** Opening Records for this task block **

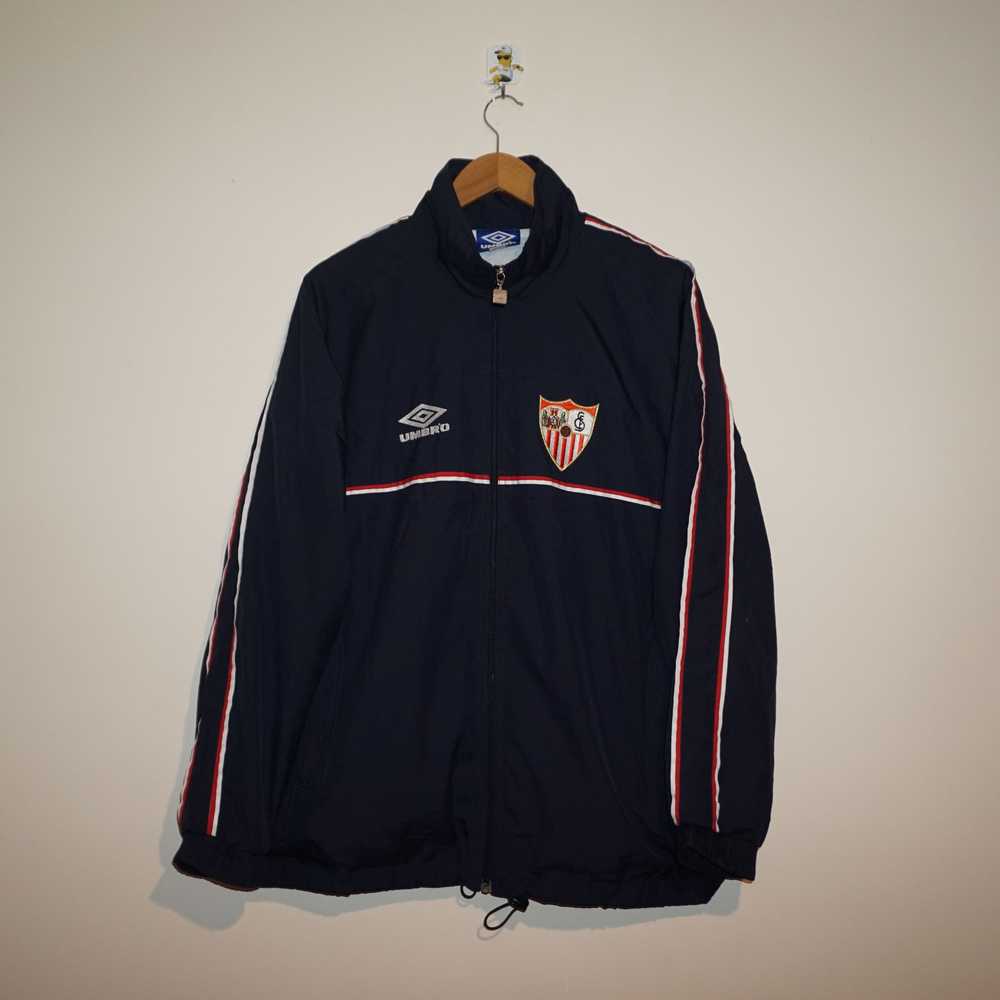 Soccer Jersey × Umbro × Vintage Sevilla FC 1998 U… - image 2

** Closing Records for this task block **
** Opening Records for this task block **

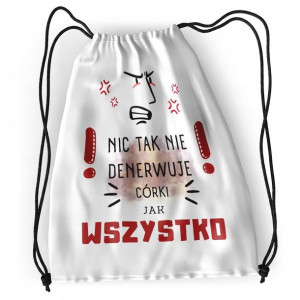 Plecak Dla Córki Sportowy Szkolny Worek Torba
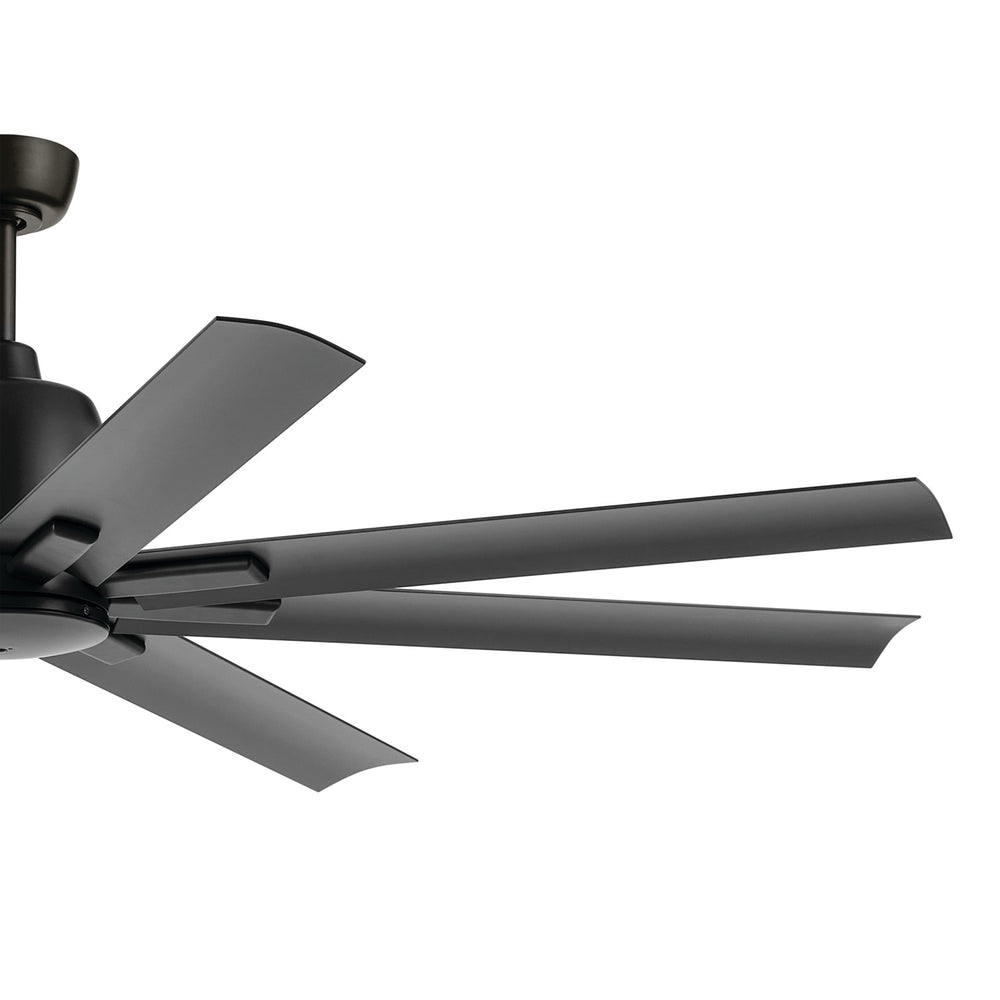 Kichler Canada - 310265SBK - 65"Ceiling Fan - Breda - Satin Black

** Closing Records for this task block **

▶ Problem details: Everything above from the line containing "Plecak Dla Córki" through the line containing "Kichler Canada - 310265SBK" must be repeated exactly, and the pictures must be left out.

▶ Reply to the exercise:
 Plecak Dla Córki Sportowy Szkolny Worek Torba
 Kichler Canada - 310265SBK - 65"Ceiling Fan - Breda - Satin Black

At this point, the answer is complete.